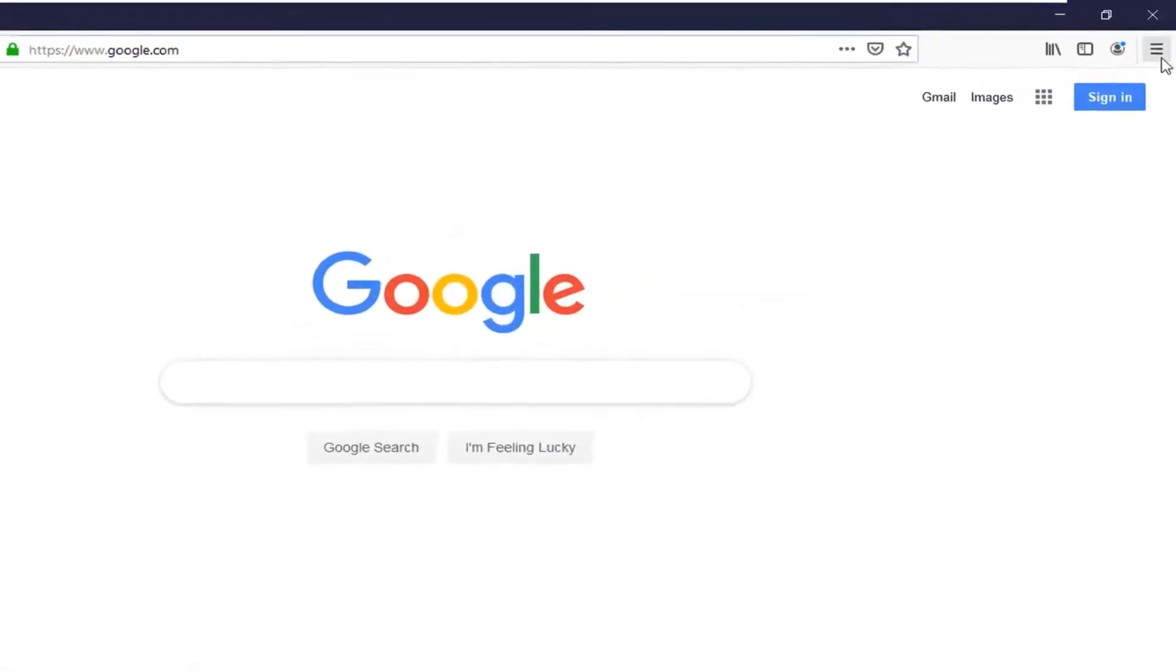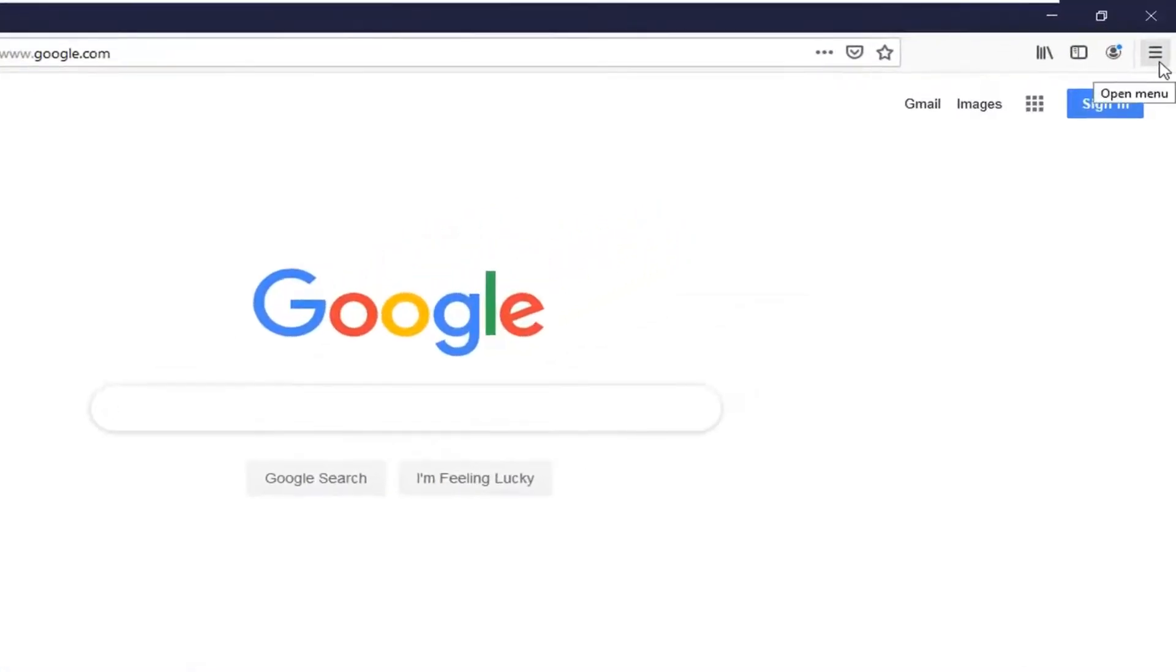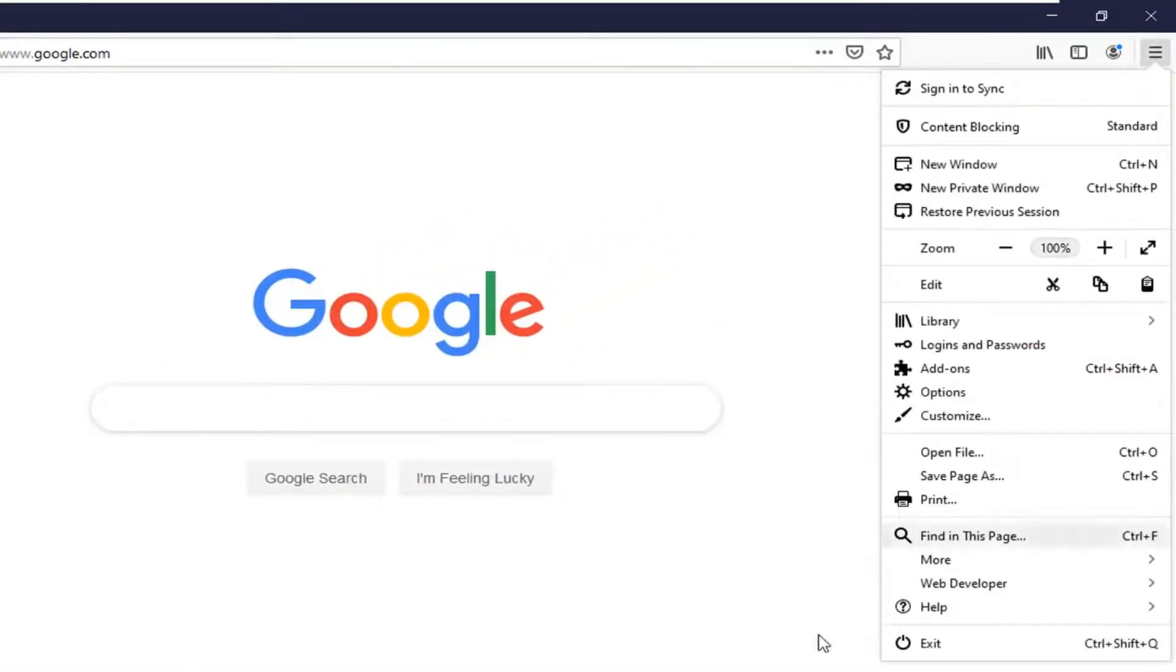Go select the menu icon in your top right corner of the browser screen, and then you want to go down and select the area that says options.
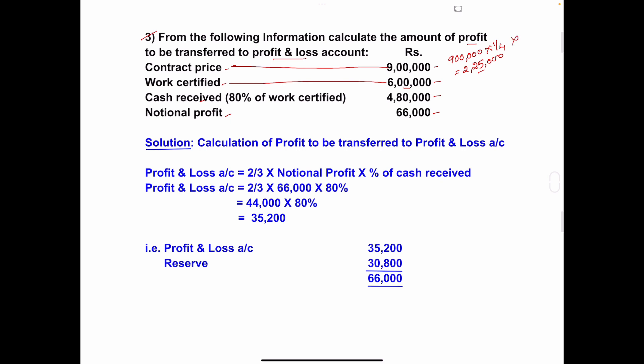The second condition is: if work completed is one-fourth or more but less than half of the contract price, then two-thirds of notional profit is transferred to profit and loss account. We calculate half of contract price: nine lakh × 1/2 = four lakh fifty thousand. Since work certified is six lakh, which is more than four lakh fifty thousand, the second condition is also not applied.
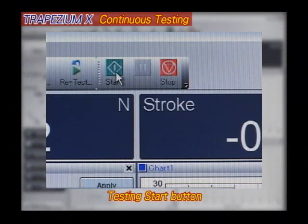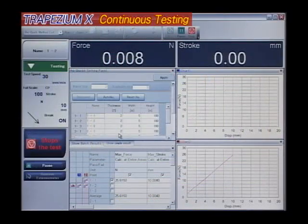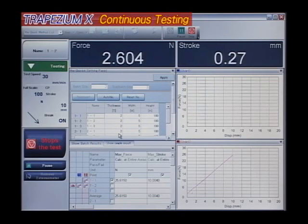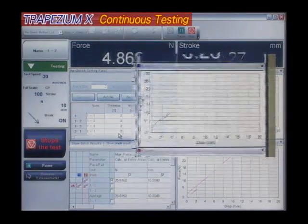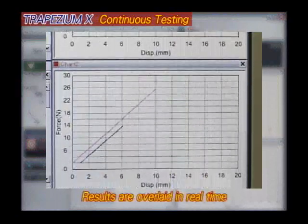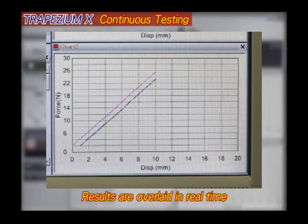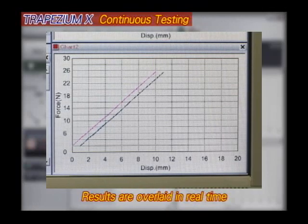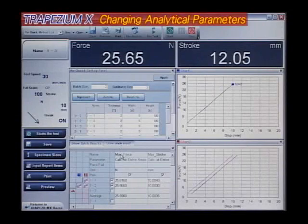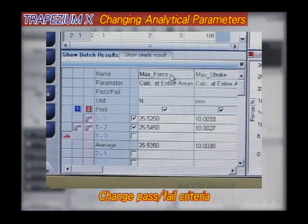When testing is repeated, multiple graphs are updated simultaneously. As you can see, test results are displayed directly using the same window. Analytical parameters and pass-fail criteria can be changed using this window as well.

──────────────────────────────

Task statement:
Could the listing above be transcribed exactly, with the pictures left out?

Solution to the exercise:
Go select the menu icon in your top right corner of the browser screen, and then you want to go down and select the area that says options.
The second condition is: if work completed is one-fourth or more but less than half of the contract price, then two-thirds of notional profit is transferred to profit and loss account. We calculate half of contract price: nine lakh × 1/2 = four lakh fifty thousand. Since work certified is six lakh, which is more than four lakh fifty thousand, the second condition is also not applied.
When testing is repeated, multiple graphs are updated simultaneously. As you can see, test results are displayed directly using the same window. Analytical parameters and pass-fail criteria can be changed using this window as well.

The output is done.